Orang dapat saja terlihat lemas dan letih, tampak seperti orang yang berpuasa, namun bisa saja sejatinya orang tersebut tidak sedang berpuasa. Begitu pula mungkin ada orang yang tampak segar dan kuat, tapi sesungguhnya dia sedang berpuasa.
Itulah makanya, pada artikel Hikmah Jum’at pekan ini digunakan diksi “Aku” di judulnya. Kata “Aku” merupakan representasi dari hal yang bersifat pribadi di dalam banyak hal, dan khususnya pada kesempatan ini adalah ibadah puasa.
Kejujuran dan Keikhlasan
Ibadah puasa mengajarkan adanya kejujuran dan keikhlasan dalam pelaksanaannya. Ibadah puasa juga mengajarkan keyakinan bahwa Allah SWT itu sangat dekat dengan setiap hamba-Nya. Hal ini ditegaskan dalam firman Allah SWT yang artinya:
“Dan apabila hamba-hamba-Ku bertanya kepadamu tentang Aku, maka (jawablah) bahwa Aku adalah dekat. Aku mengabulkan permohonan orang yang berdo’a apabila ia memohon kepada-Ku, maka hendaklah mereka itu memenuhi (segala perintah-Ku) dan hendaklah mereka beriman kepada-Ku, agar mereka selalu berada dalam kebenaran.” (QS. Al-Baqarah [2]: 186).

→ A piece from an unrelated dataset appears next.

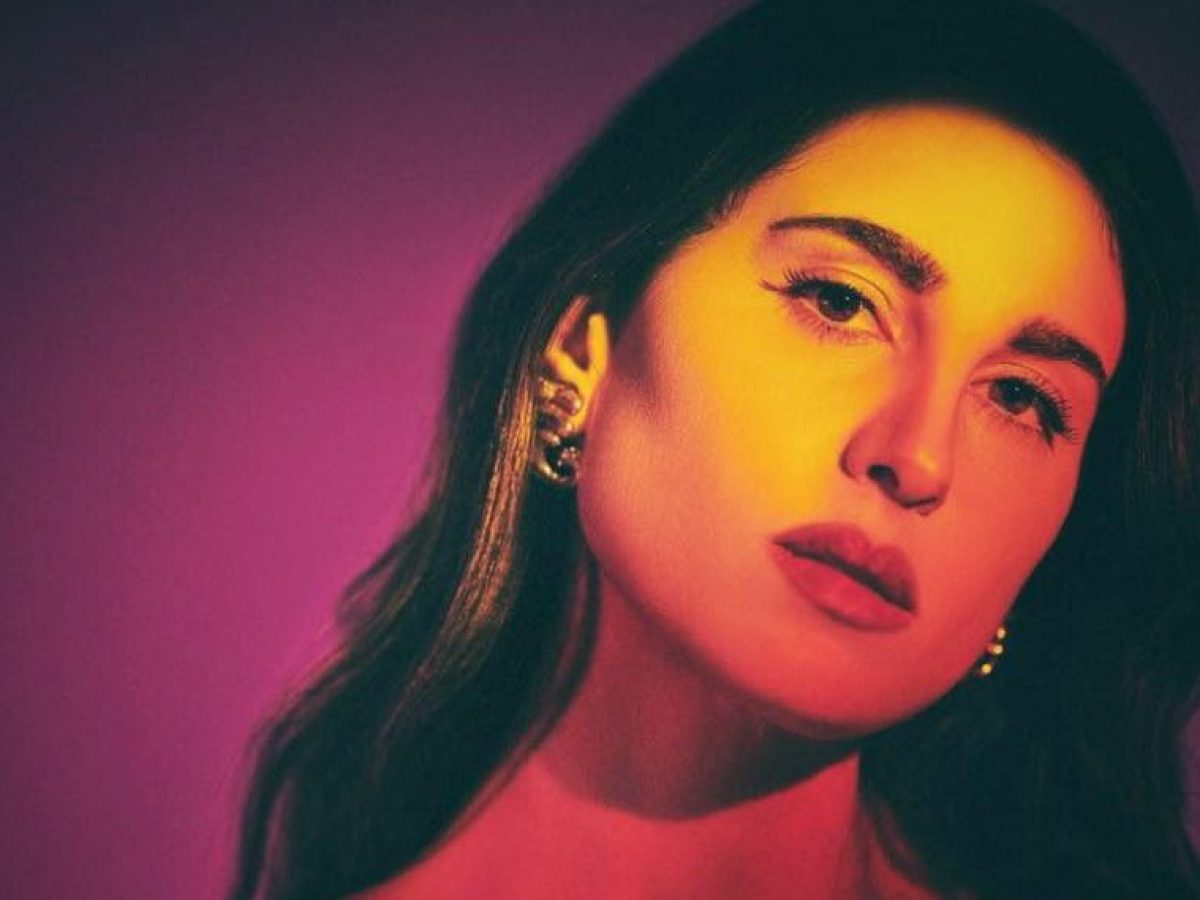 Παυλίνα Βουλγαράκη live στο Καφωδείο Ελληνικό Θεσσαλονίκη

Pada ayat di atas terdapat syarat yang bersifat pribadi agar kedekatan Allah dengan hamba-Nya dapat dibuktikan dengan dikabulkannya do’a, yaitu memenuhi perintah Allah dan beriman kepada Allah.
Memenuhi perintah Allah bermakna memenuhi atau melaksanakan seluruh perintah dan seruan Allah yang memberikan kehidupan. Dengan merasakan kedekatan diri kepada Allah SWT seseorang akan merasakan ketenangan, kedamaian, dan kebahagiaan dalam hidupnya.
Berkaitan dengan persepsi terhadap kedekatan kepada Allah SWT, tentu bukanlah perkara yang dapat diklaim begitu saja. Kedekatan ini merupakan buah dari usaha yang secara istiqamah dilakukan seseorang. Kedekatan ini juga merupakan ciri keimanan seseorang.
Allah SWT berfirman yang artinya: “Sesungguhnya orang-orang beriman itu adalah mereka yang apabila disebut nama Allah, bergetarlah hati mereka. Dan apabila dibacakan kepada mereka ayat-ayat-Nya, bertambahlah iman mereka (karenanya) dan kepada Tuhanlah mereka bertawakkal (QS. Al-Anfal [8]: 2).